E significa essere saldamente sul sentiero della transizione ecologica riducendo i rischi di finire fuori da un percorso sempre più obbligato per il settore produttivo nel prossimo futuro. Il tasto che usiamo quando suoniamo il pianoforte per amplificare il suono si chiama in inglese sustain. La sostenibilità non è in conflitto con la crescita ma è al contrario l’unica via per potenziare e rendere coerente nel tempo la creazione di valore economico. Un altro elemento distintivo delle buone pratiche è quello delle imprese che sanno valorizzare i percorsi di reinserimento lavoro. Assistiamo in questo caso al fatto solo apparentemente sorprendente di lavoratori appartenenti a categorie fragili (ex detenuti, ex tossicodipendenti, lavoratori con disabilità) che finiscono per contribuire positivamente alla produttività aziendale.

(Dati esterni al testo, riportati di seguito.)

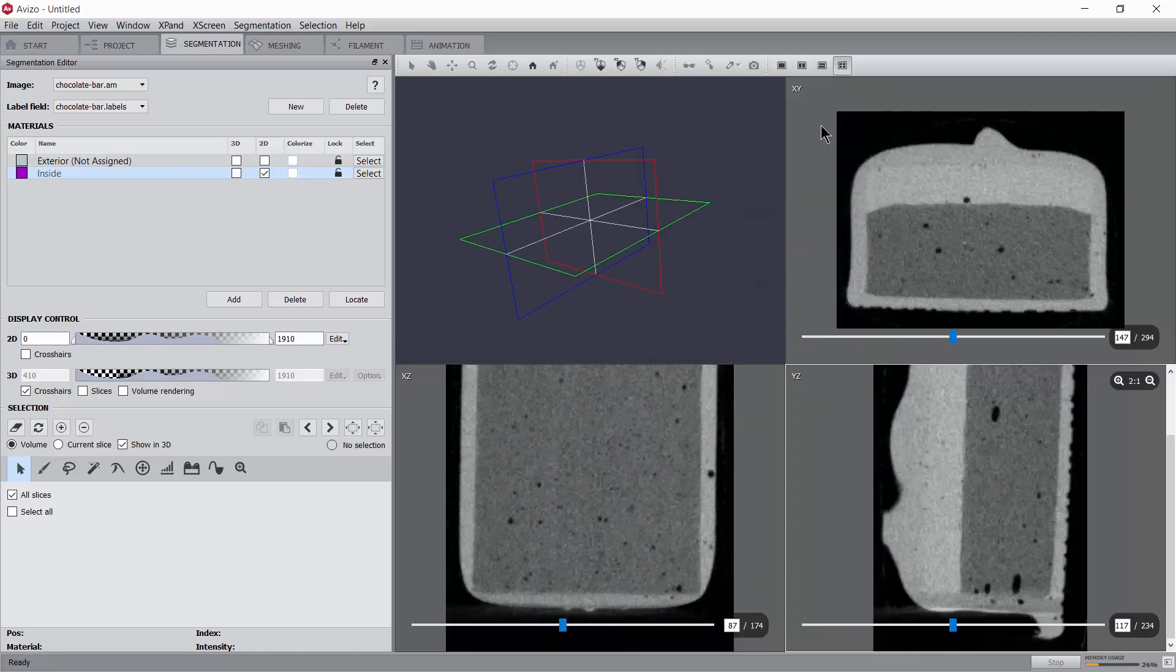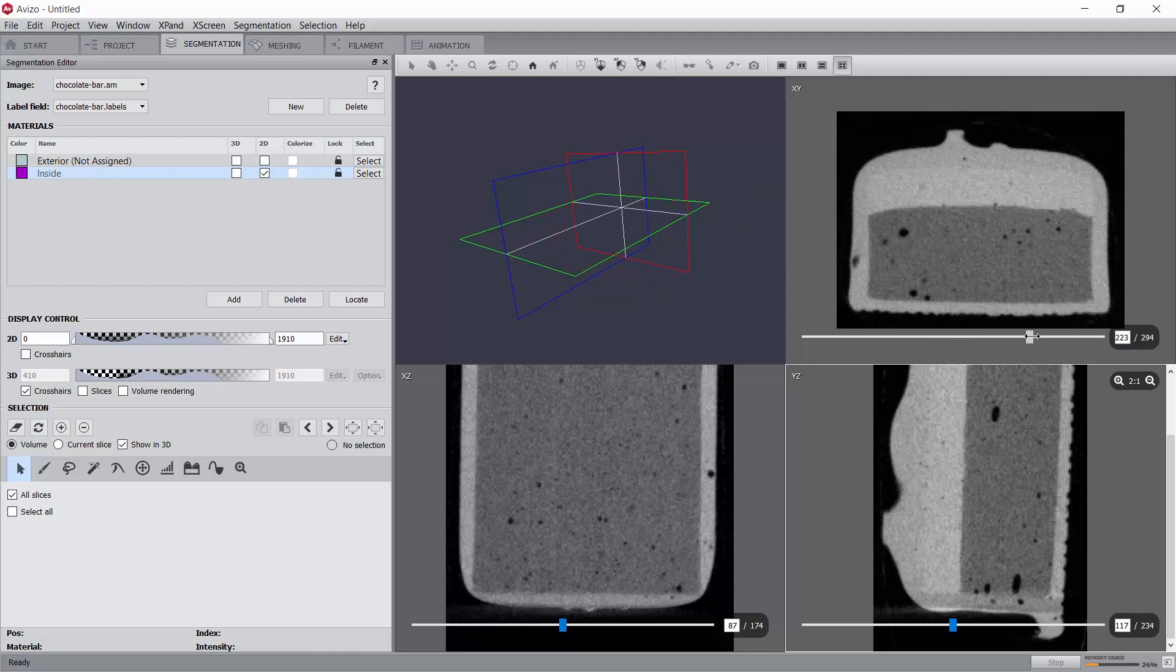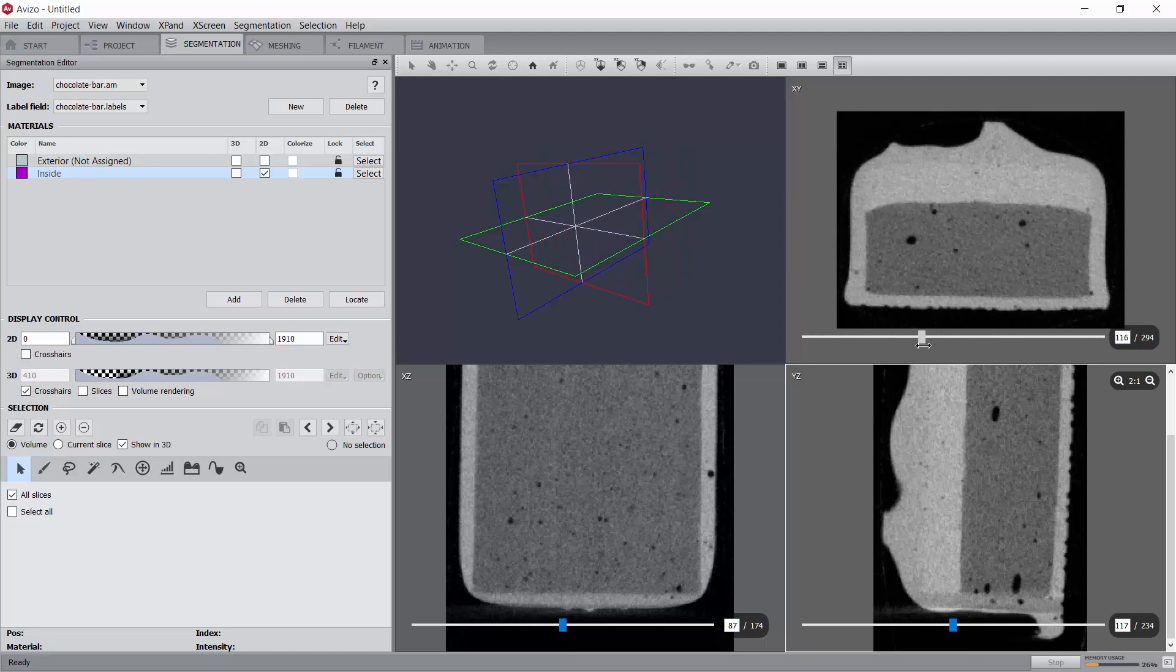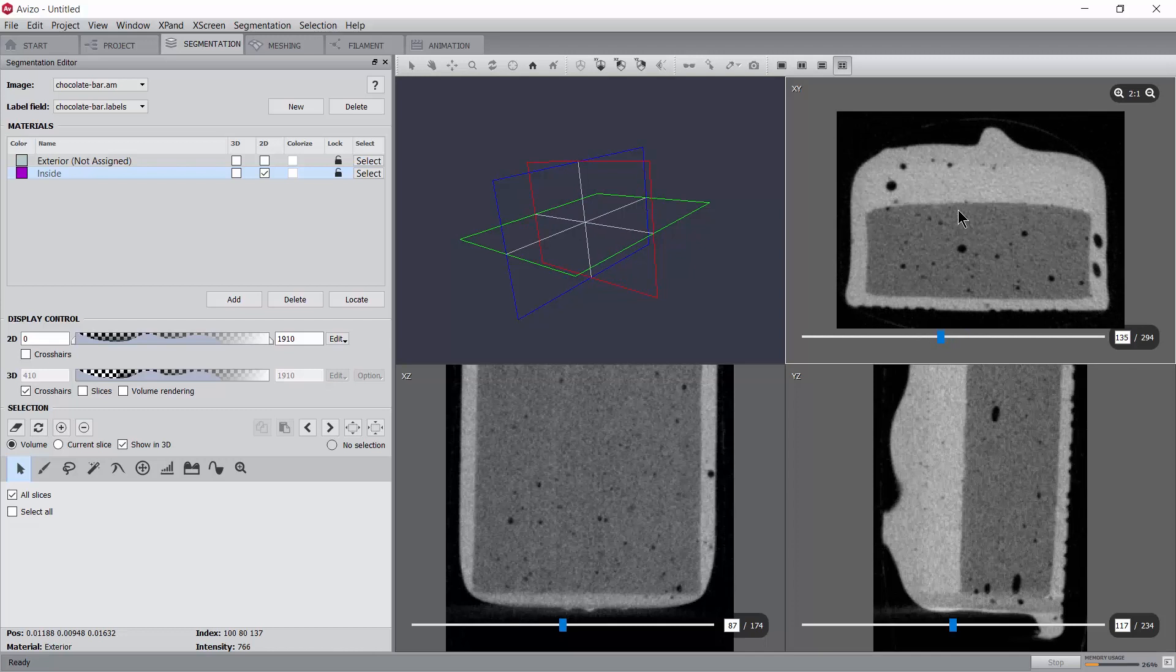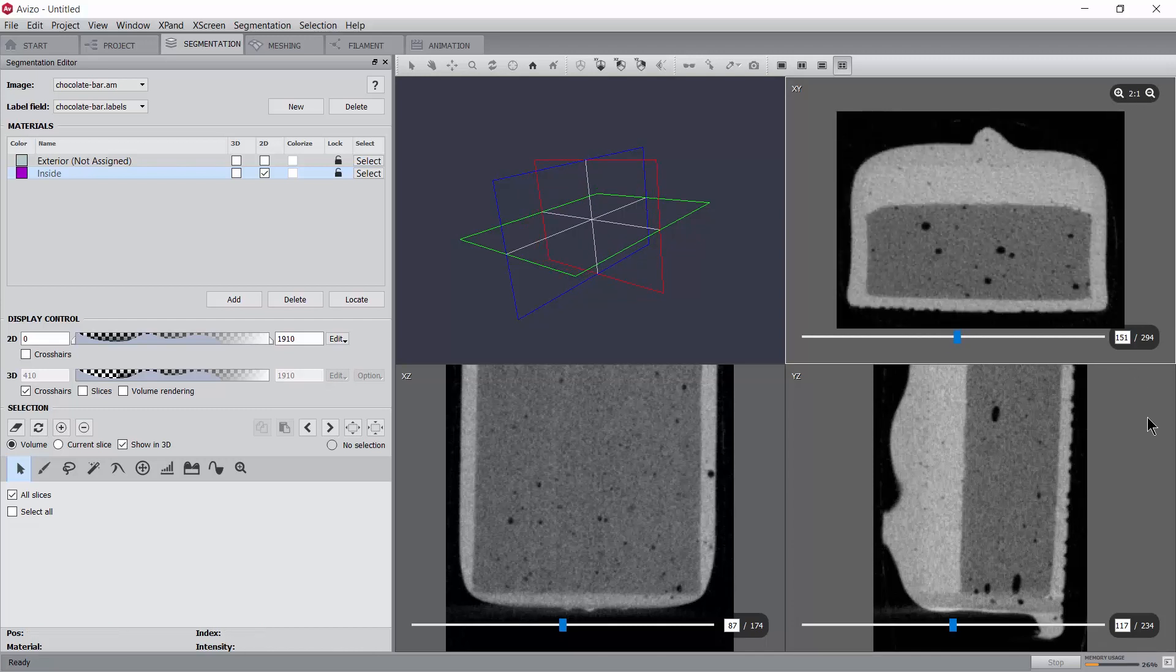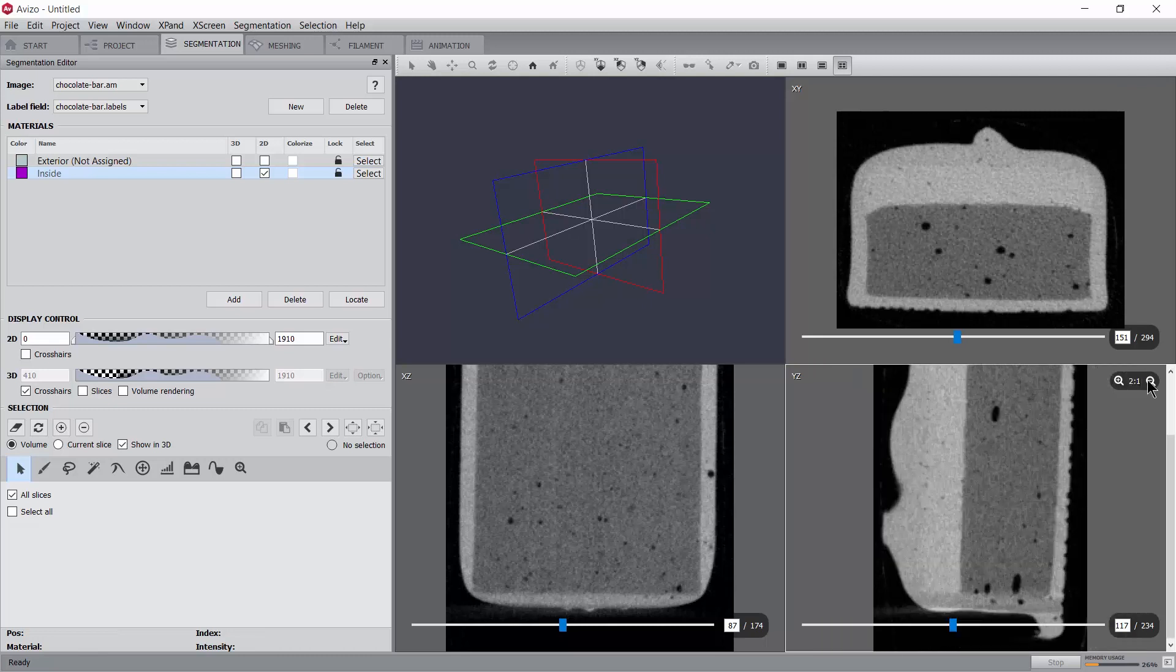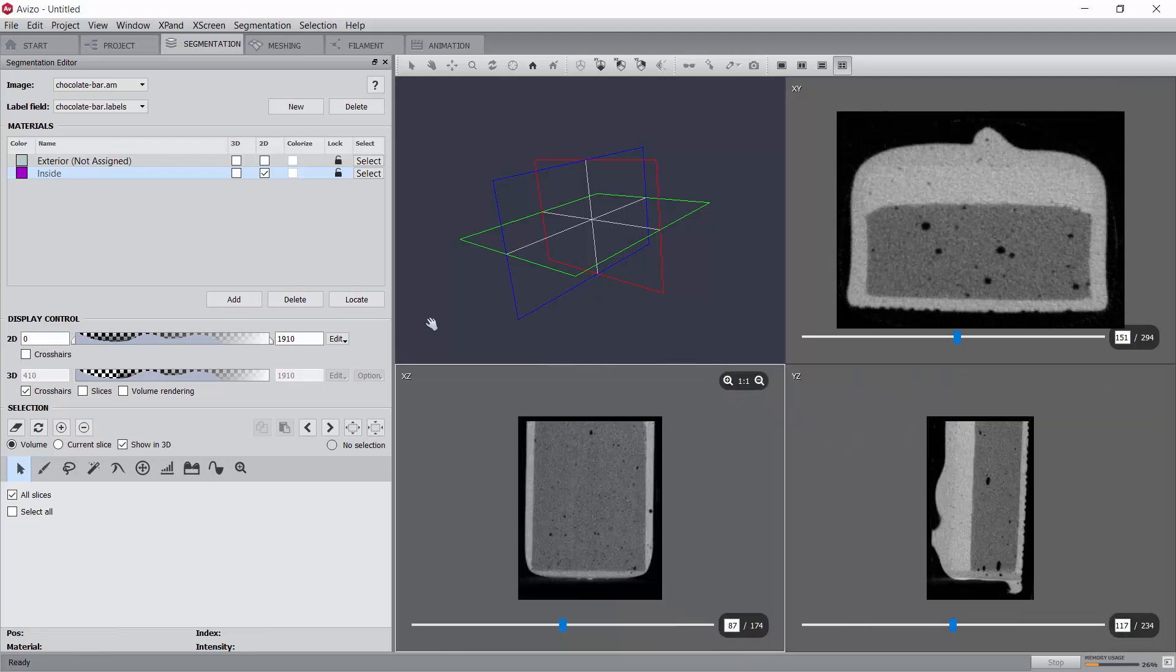In the slice viewers, you can use the slider at the bottom to scroll through the slices or roll the mouse wheel. You can also adjust the zoom for each slice viewer independently directly in the upper right corner of the corresponding viewer. For all viewers, you may adjust the color map using the display control tools.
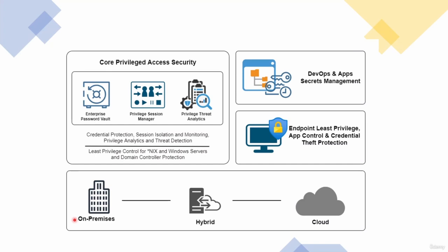You can have this deployed as a hybrid. What I mean by that is you can have some of these components in the cloud, whether it's AWS, Microsoft Azure, GCP, or any other cloud provider that you use.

La spiegazione dell’arcano è nello scambio win-win che il reinserimento lavoro realizza. Da una parte l’occasione di riscatto per la persona fragile, dall’altra una maggiore ricchezza di senso del lavoro per tutti all’interno dell’impresa che stimola motivazioni intrinseche, identità aziendale e produttività. Troviamo poi in molte buone pratiche un circolo virtuoso che unisce qualità dei prodotti, reputazione e arte nelle relazioni. La vita economica e sociale si gioca primariamente in quell’area grigia dove asimmetrie informative e incompletezza contrattuale non ci danno tutti gli strumenti necessari per proteggerci da rischi di opportunismo delle controparti.
La fiducia e la cooperazione tra lavoratori e tra imprese emerge quando si è in grado di costruirsi una reputazione nella qualità e nelle relazioni interpersonali che rende attraenti e consente di costruire relazioni di qualità con i dipendenti e con altre imprese nella filiera produttiva. Un’ulteriore grande opportunità dei nostri tempi che emerge da molte storie è quella della nascita delle comunità energetiche con la possibilità per reti di cittadini e di imprese di non subire più la bolletta energetica come un costo trasformandolo in una risorsa.
Le comunità energetiche rendono in fatti i propri membri 'prosumer' consentendo loro di autoprodurre azzerando il costo in bolletta e di realizzare un beneficio economico vendendo le eccedenze in rete. L’ambizione del percorso della Settimana Sociale, ispirata in questo dall’esperienza simile realizzata dal Festival dell’Economia civile, è quella di favorire incontri e alleanze sui territori tra diversi portatori d’interesse. La trasformazione del sistema richiede massa critica e non può essere realizzata con le forze parziali della porzione illuminata di una certa categoria di portatori d’interesse.
Le buone pratiche imprenditoriali moltiplicano forze e realizzazioni quando s’incontrano con amministrazioni lungimiranti, reti della società civile, consumatori e risparmiatori responsabili. La logica dell’alleanza e delle partnership è la chiave della possibilità di successo per il futuro che speriamo e di cui abbiamo bisogno.